Thyroiditis occurred in 16 (0.6%) of 2799 patients receiving KEYTRUDA,
including Grade 2 (0.3%) thyroiditis. Monitor patients for changes in
thyroid function (at the start of treatment, periodically during
treatment, and as indicated based on clinical evaluation) and for
clinical signs and symptoms of thyroid disorders. Administer replacement
hormones for hypothyroidism and manage hyperthyroidism with thionamides
and beta-blockers as appropriate. Withhold or discontinue KEYTRUDA for
Grade 3 or 4 hyperthyroidism.
KEYTRUDA can cause type 1 diabetes mellitus, including diabetic
ketoacidosis, which have been reported in 6 (0.2%) of 2799 patients.
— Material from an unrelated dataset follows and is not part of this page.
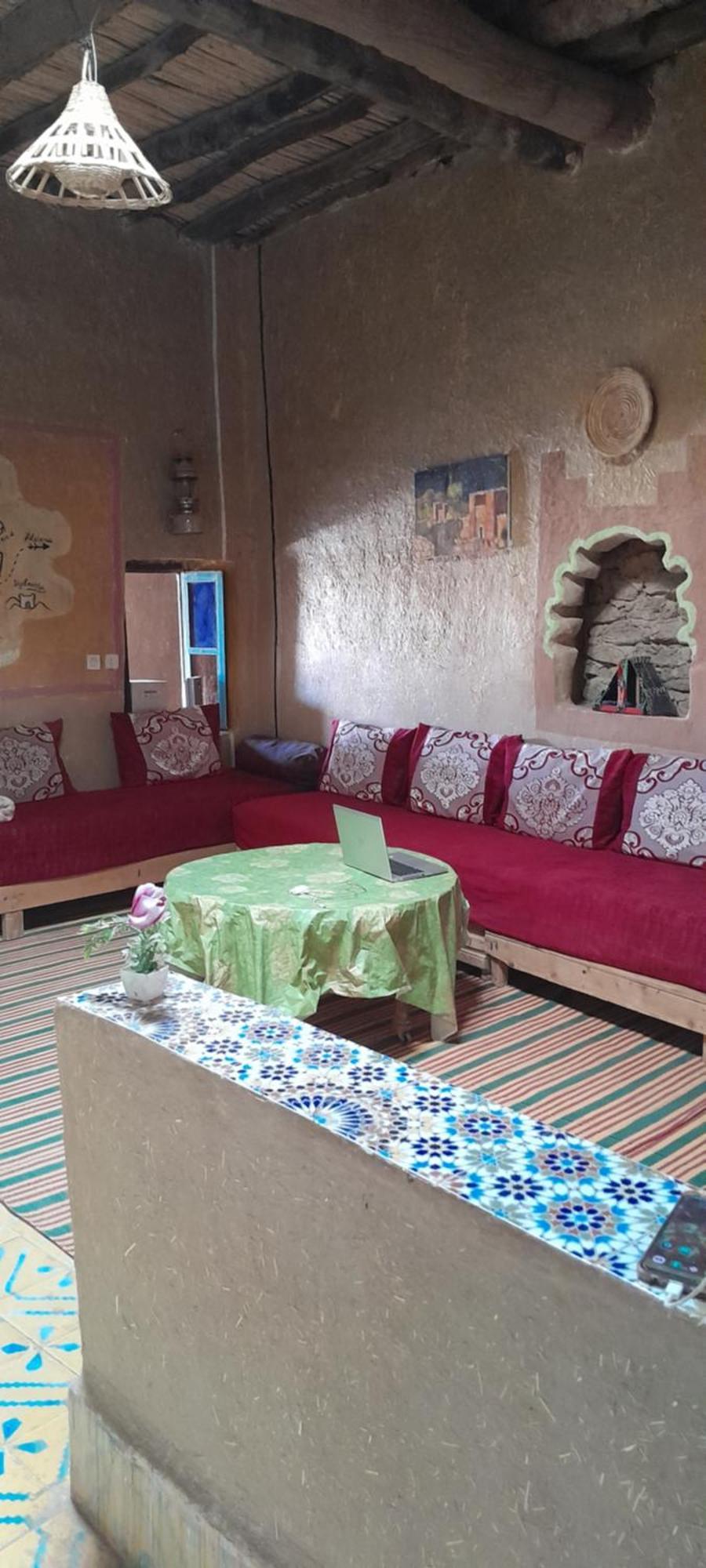 TazoukaOasis Travel住宿加早餐旅馆 外观 照片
Monitor patients for hyperglycemia or other signs and symptoms of
diabetes. Administer insulin for type 1 diabetes, and withhold KEYTRUDA
and administer antihyperglycemics in patients with severe hyperglycemia.
KEYTRUDA can cause immune-mediated nephritis. Nephritis occurred in 9
(0.3%) of 2799 patients receiving KEYTRUDA, including Grade 2 (0.1%), 3
(0.1%), and 4 (<0.1%) nephritis. Monitor patients for changes in renal
function. Administer corticosteroids for Grade 2 or greater nephritis.
Withhold KEYTRUDA for Grade 2; permanently discontinue KEYTRUDA for
Grade 3 or 4 nephritis.
Immune-mediated rashes, including Stevens-Johnson syndrome (SJS), toxic
epidermal necrolysis (TEN) (some cases with fatal outcome), exfoliative
dermatitis, and bullous pemphigoid can occur. Monitor patients for
suspected severe skin reactions and based on the severity of the adverse
reaction, withhold or permanently discontinue KEYTRUDA and administer
corticosteroids. For signs and symptoms of SJS or TEN, withhold KEYTRUDA
and refer the patient for specialized care for assessment and treatment.
If SJS or TEN is confirmed, permanently discontinue KEYTRUDA.
KEYTRUDA can cause other clinically important immune-mediated adverse
reactions. These immune-mediated reactions may occur in any organ
system. For suspected immune-mediated adverse reactions, ensure adequate
evaluation to confirm etiology or exclude other causes. Based on the
severity of the adverse reaction, withhold KEYTRUDA and administer
corticosteroids. Upon improvement to Grade 1 or less, initiate
corticosteroid taper and continue to taper over at least 1 month. Based
on limited data from clinical studies in patients whose immune-related
adverse reactions could not be controlled with corticosteroid use,
administration of other systemic immunosuppressants can be considered.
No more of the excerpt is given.